Federal mahkeme düzeyinde de önemli istisnalar vardır. Genel olarak, taraflar arasında önceden yapılmış bir sözleşme uyuşmazlık halinde bir tarafın diğerine yasal ücretleri ödemesini zorunlu kılıyorsa, Amerikan Kuralı uygulanmayabilir. Ayrıca bazı eyaletler, hükümet kurumlarını içeren davalar, ayrımcılık karşıtı yasalar, tüketici koruma veya kamu yararı taşıyan davalar için yasal ücretlerin geri ödenmesine izin verir. Bu istisnalar, bu tür davalarda davacıların finansal sınırlamalarını ve davaların taşıdığı daha geniş toplumsal etkileri kabul eder.

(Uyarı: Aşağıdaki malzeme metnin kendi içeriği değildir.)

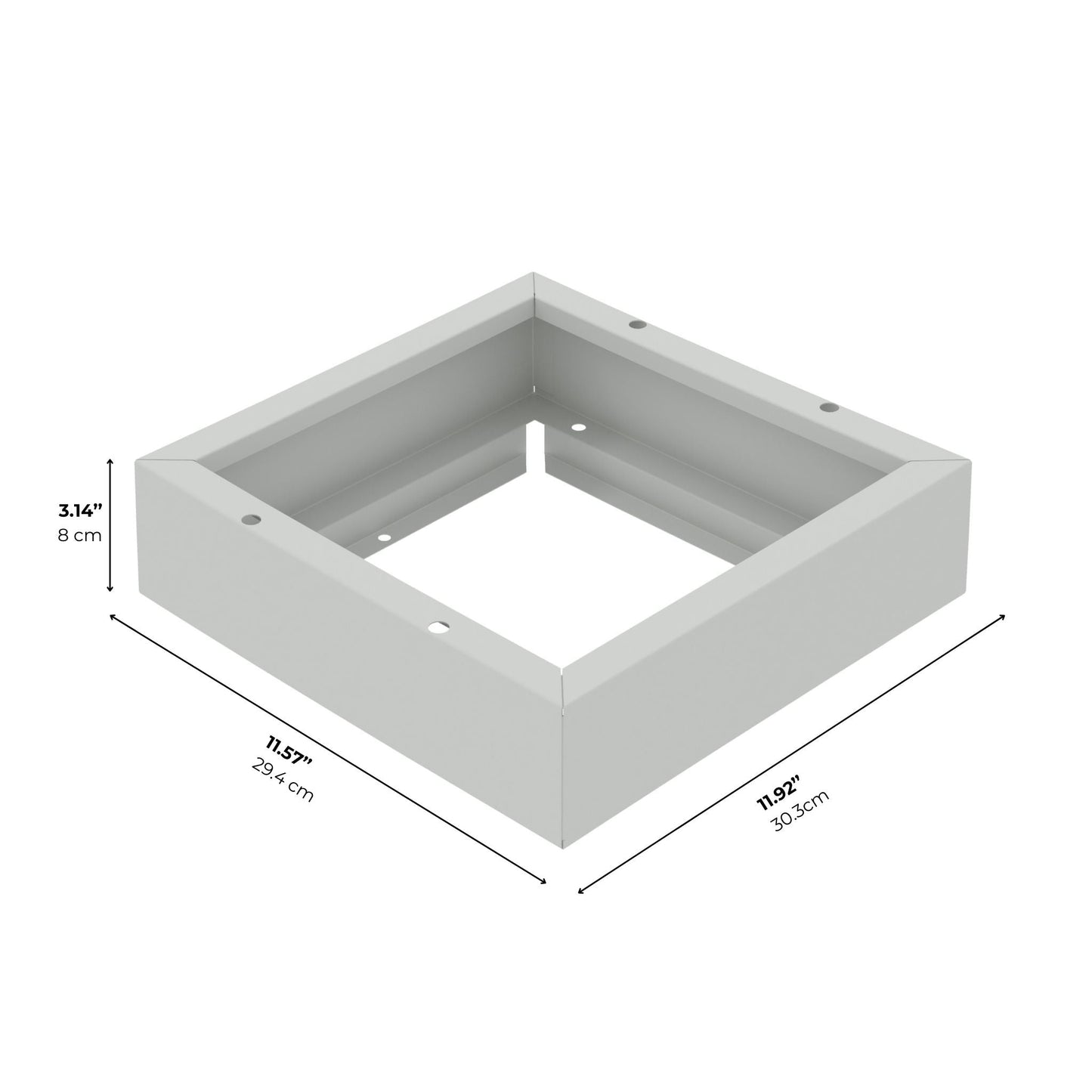 Base Plinth for Cube Lockers, Locker Legs, Modular Accessory, Powder Coated Steel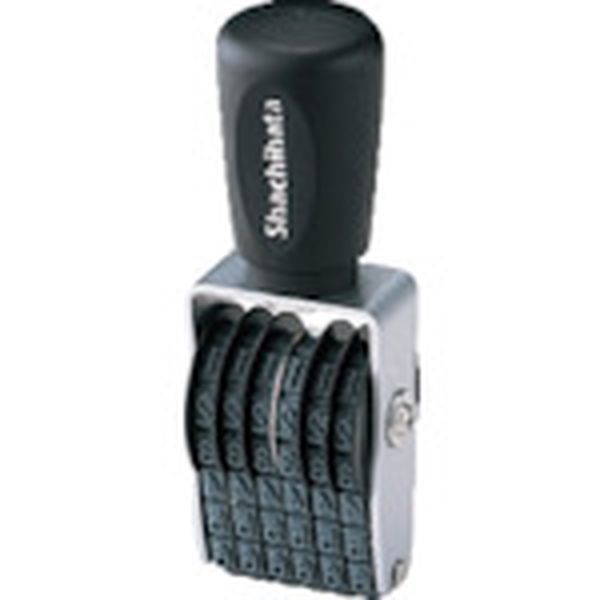 【メーカー在庫あり】 CF64GT シヤチハタ(株) シヤチハタ タート用回転ゴム印欧文6連4号 ゴシック体 CF-64GT HD店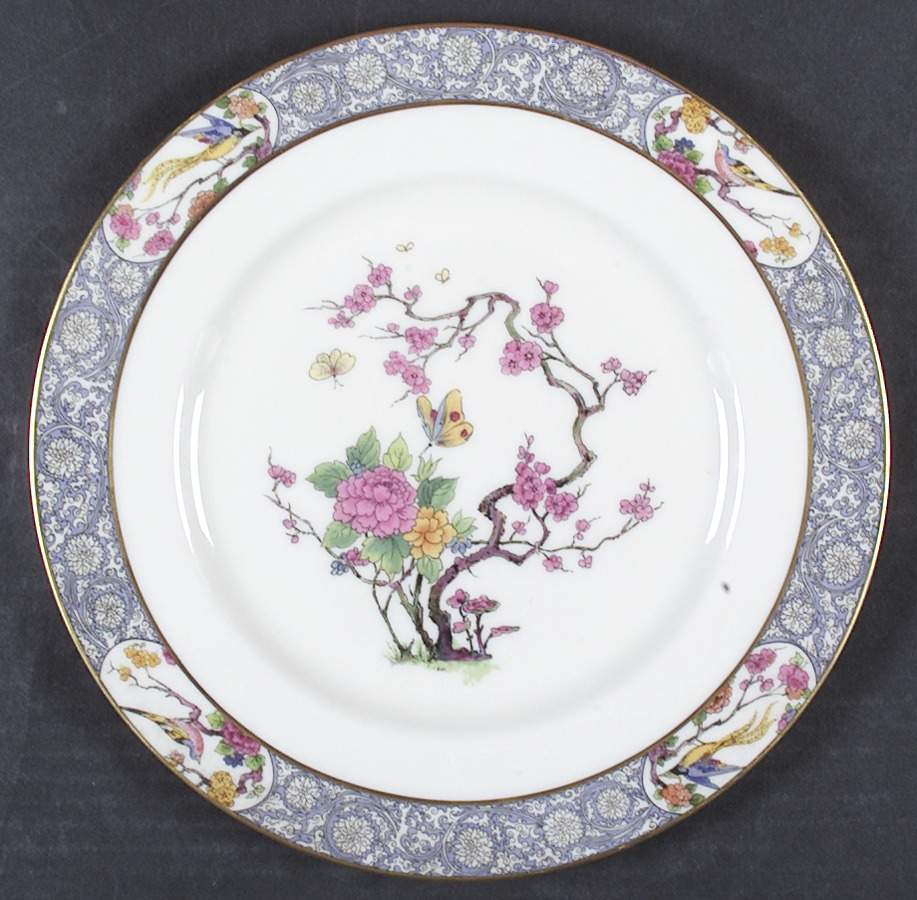Ming-Birds (Newer, Cream, Gold Backstamp) Dinner Plate by Lenox-1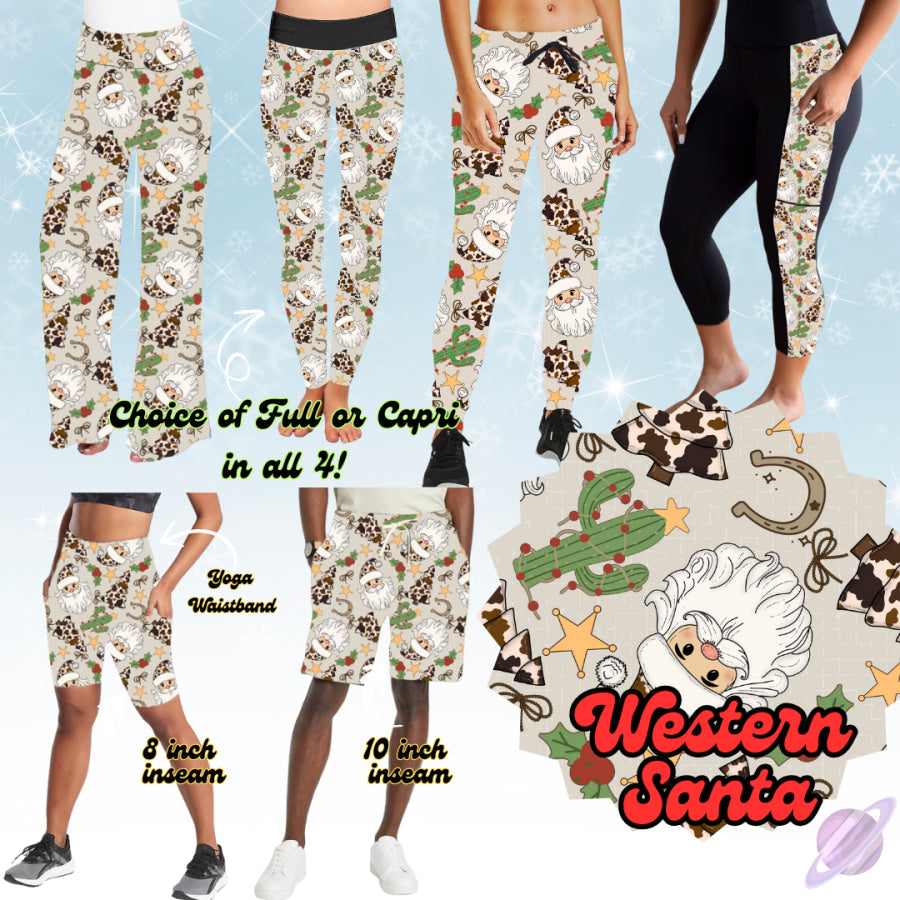 PREORDER Custom Styles Western Santa Closes 12 Sep ETA mid Dec 2025 Leggings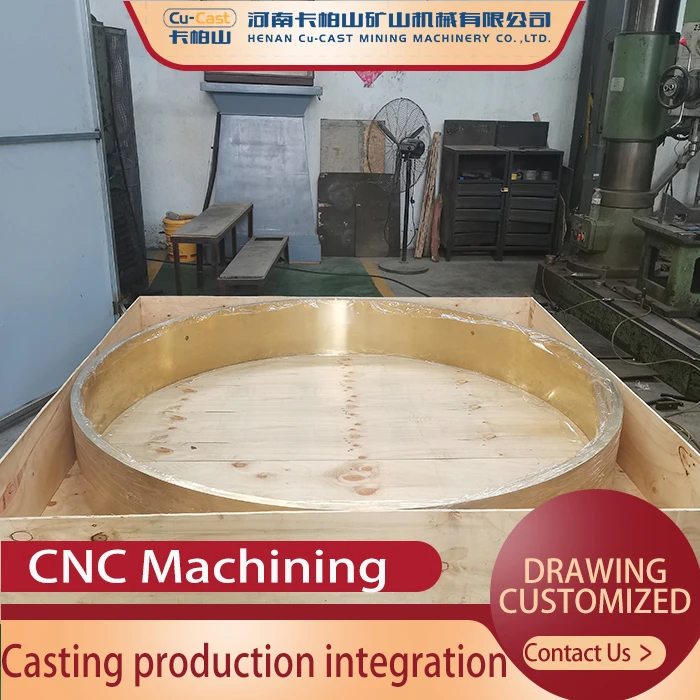 Directly Custom Cast High Quality Large Copper Gasket Ring Slip Seal Forging Processing for Mining Machines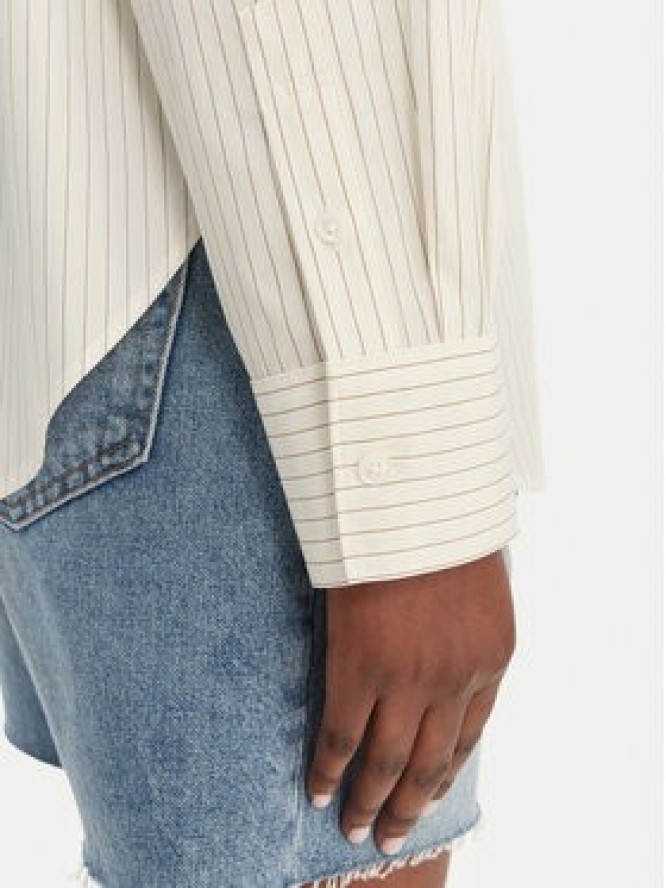 Calvin Klein Jeans Koszula LV047F103G Beżowy Relaxed Fit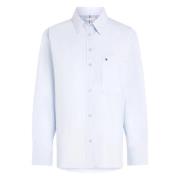 Breezy Blue Cotton Easy Fit Shirt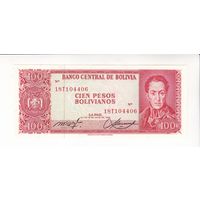 100 ПЕСО 1962 БОЛИВИЯ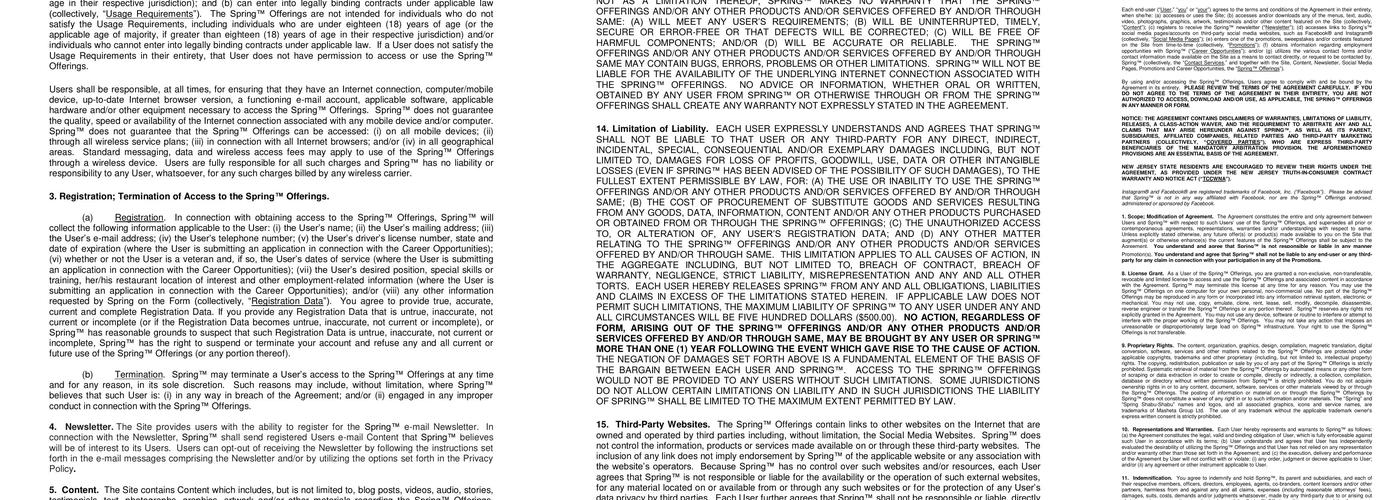 Spring Shabu-Shabu Menu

Bir dava reddedildiğinde yasal ücretlerin geri talep edilebilmesi durumu değişkenlik gösterir. Federal Daire'nin yakın tarihli bir kararı, her iki tarafın karşılıklı olarak davanın "with prejudice" şeklinde reddini talep etmesi halinde avukat ücretlerinin talep edilebileceğini belirledi. Ancak tek bir tarafın kendi isteğiyle şikayeti "with prejudice" şeklinde geri çekmesi durumunda yasal ücretler tahsil edilemez. Bu bağlamda, "with prejudice" terimi davacının aynı iddiayı aynı mahkemede yeniden açmasının engellendiği anlamına gelir.
Sonuç
Amerikan Kuralı, ABD adalet sisteminde davacı ve davalının davanın sonucuna bakılmaksızın kendi yasal giderlerini karşılamasını sağlar. Amacı, kişilerin her iki tarafın yasal masraflarını ödemekten korktukları için hak aramaktan vazgeçmelerini önlemek ve adalete erişimi kolaylaştırmaktır. Amerikan Kuralı, genel olarak İngiliz ortak hukukuna kıyasla davacılar lehine görülse de, belirli durumlarda hâkimlerin kuraldan sapmasına olanak tanıyan istisnalar mevcuttur. Bu istisnalar eyaletten eyalete değişir ve Amerikan Kuralı, eleştirilere rağmen adalete erişim ile taraflara haksız mali yük bindirilmesinin önlenmesi arasında bir denge kurmayı amaçlar.